I see on the telly a couple of nights ago a similar problem exists with appartments and body corporates. They have not been putting enough aside for future repairs and could all end in another leaky homes crisis situation.
Soon there wont be any houses left in NZ worth buying.
You absolutely must have a consent to do any building work that needs a consent. Check http://www.buildingguide.co.nz/building-guide/building-consents
If those images of central Christchurch on Feb 22 2011 taught us anything, it should be that we need to think very carefully about building regulation.
Following the media lately, there seems to be a real push from the "cut red tape/developer knows best" camp.
Very dangerous.
Scarfie - maybe not entirely fair. Architects probably have to deliver what the customer wants, and what the customer wants is driven by peer-pressure, fear.....
But I think the ultimate problem is across-the-board arrogance. We simply, collectively, thinke we're above worring about Mother Nature any more. We're above bothering about such things as rain falling down, moisture egressing from heated environments, mass vs inertia, the declining quality of materials (we cherry-picked the best timbers first, now it's cardboard requiring bigger washers).
Well, Mother Nature still operates. Rain still falls, earthquakes still happen, moisture follows the laws of physics. It's across-the-board we have to learn from this, but memories are pretty short, ass-covering is pretty endemic, and the consumer society demands unthinking consumption - it'll happen again.
I don't know PDK, some houses survived because they were designed the right way. Architects are at the sharp end and generally well paid for what they do, if they can't get it right then who can we rely on? Engineers and Architects are supposed to be some of the best minds but it seems to me there has been a bowing out to the dollar. That isn't a technical problem, but as you point out more of a moral problem. You don't have to take the customers money if they won't listen to sense.

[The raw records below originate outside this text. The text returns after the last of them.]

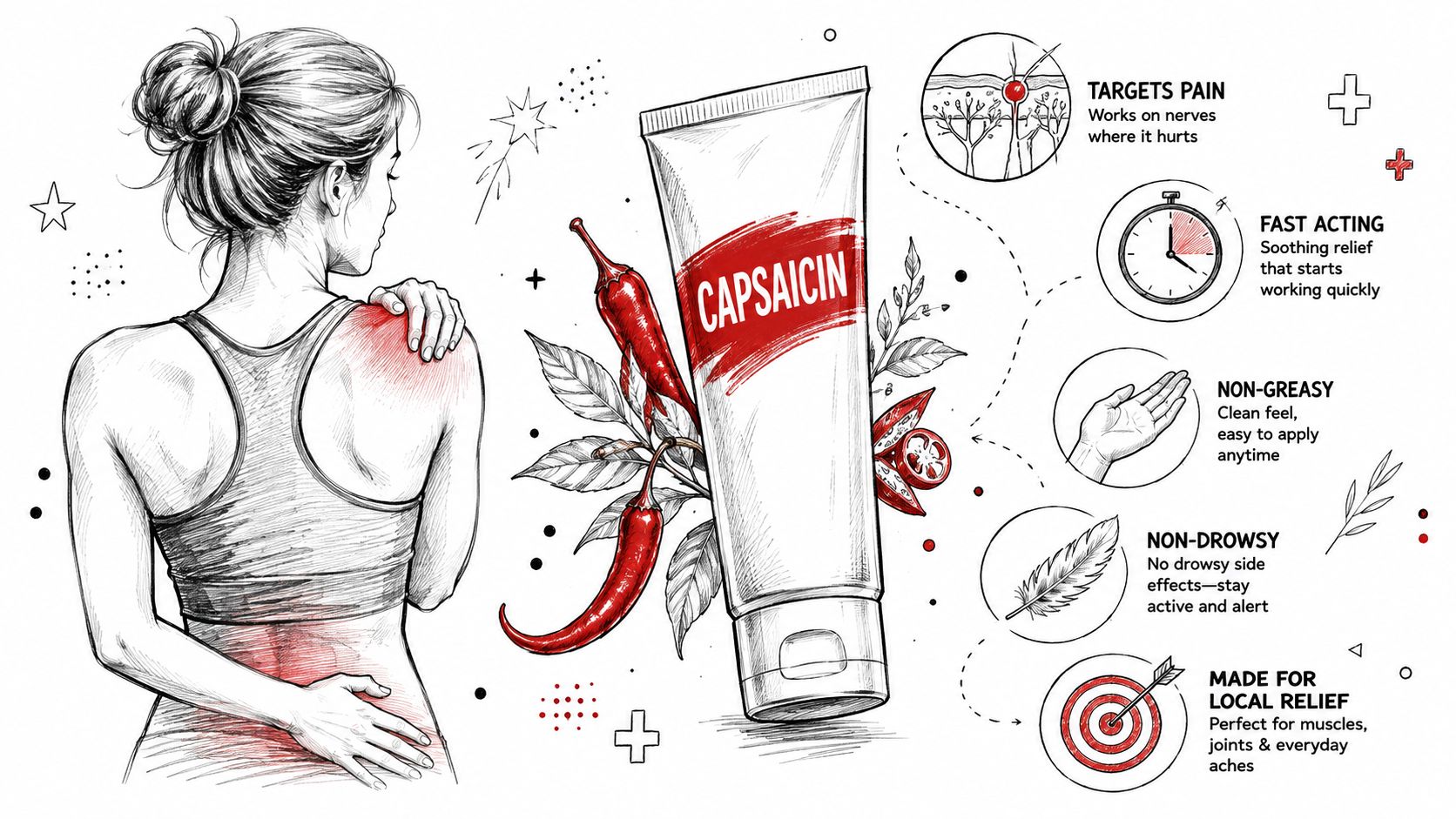 A diagram illustrating the benefits of capsaicin cream for treating muscular and joint pain relief.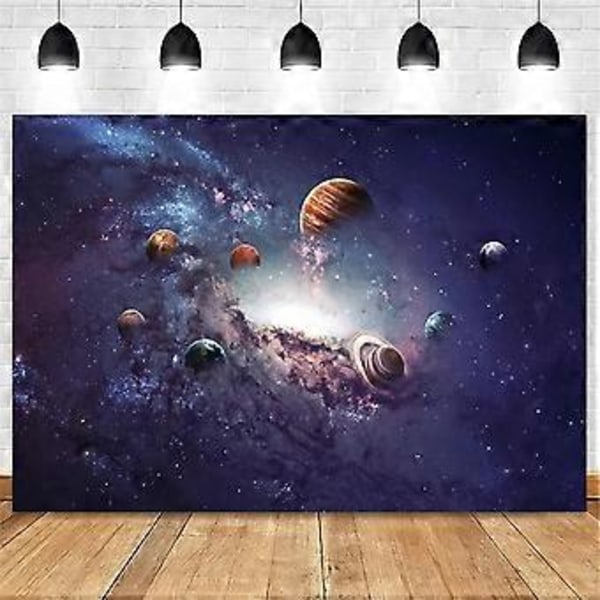210cmx150cm Kosmisk Planet Stjärnklar Natt Fotobakgrund Tyg Barn Foto Porträtt Födelsedagsfest Dekor,E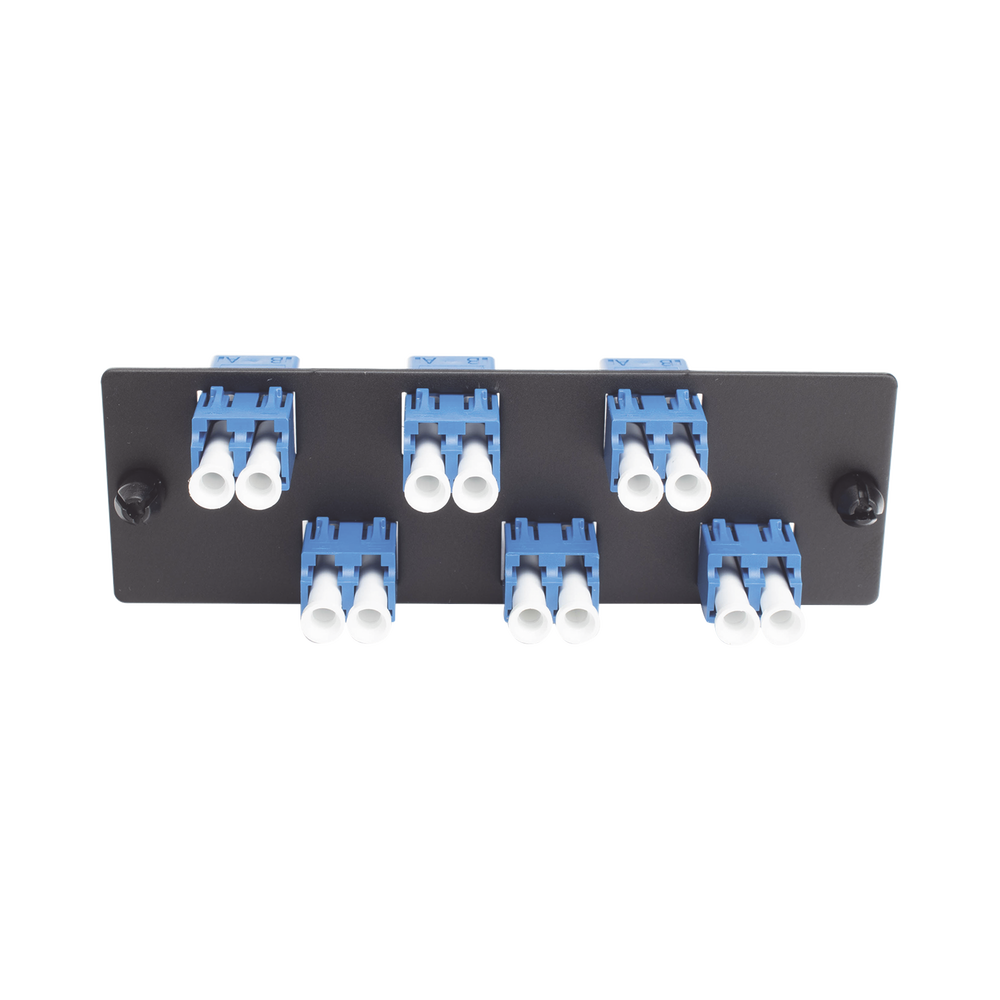 Placa Acopladora de Fibra Optica FAP, Con 6 Conectores LC Duplex (12 Fibras), Para Fibra Monomodo OS1/OS2, Color Azul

I don't imagine the technical side of the training was so good when John did his qualification, but I don't see that as an excuse. But I am guilty of making this personal when my comments would be better directed to the profession in general.
True.
It can be a bit Catch-22, though. Architect has mortgage, only game in town is to design no-eave house in wet climate, design house for area prone to liquefaction but which some developer pushed some Council some time in the past (were any 'open-up-the-fringes slash no-government types involved in that, I wonder?) to approve, etc. At what point does the obligation override the moral revulsion?
It is a very good question for you to ask where the boundary is, how does a professional know? Perhaps a year three paper for all professional courses should be "morals and ethics". I would be a mandatory paper for anyone taking a salary funded by the taxpayer as well. I have certainly had the training.
This website explains the roots of the problem.
www.chchsolddownthwriver.co.nz
Here is a Presentation for the CERA Community Forum.
http://issuu.com/brightsidepublishing/docs/repairfmafinal_2
Please Share
This is the correct link.
http://www.chchsolddowntheriver.co.nz/
Kate, that is exactly correct. Cash settleing people on destroyed land is cheaper than red zoning the area. Some parts of TC3 will never be buildable due to the 50year guarantee Council needs to give on consented foundations. As we are so close to 9 faultlines (within 20K) the ground needs to be 20% stronger than in other parts of the country.
In my oppinion the governent should take the responsible approach of managed retreat and either relocate or write off the properties on the worst affected TC3 land.
Thanks again Hugo. On the website you refer to the Consumer Protection Act - whereas I think you mean the Consumer Guarantees Act 1993 - found here;
http://www.legislation.govt.nz/act/public/1993/0091/latest/DLM311053.html?src=qs
I note the folks at Consumer Affairs "kicked for touch" and forwarded your query on to the very officials who you are complaining about - that division of MBIE who is directly responsible for preparing those amendments to the Building Act.
Best of luck with the very worthwhile campaign.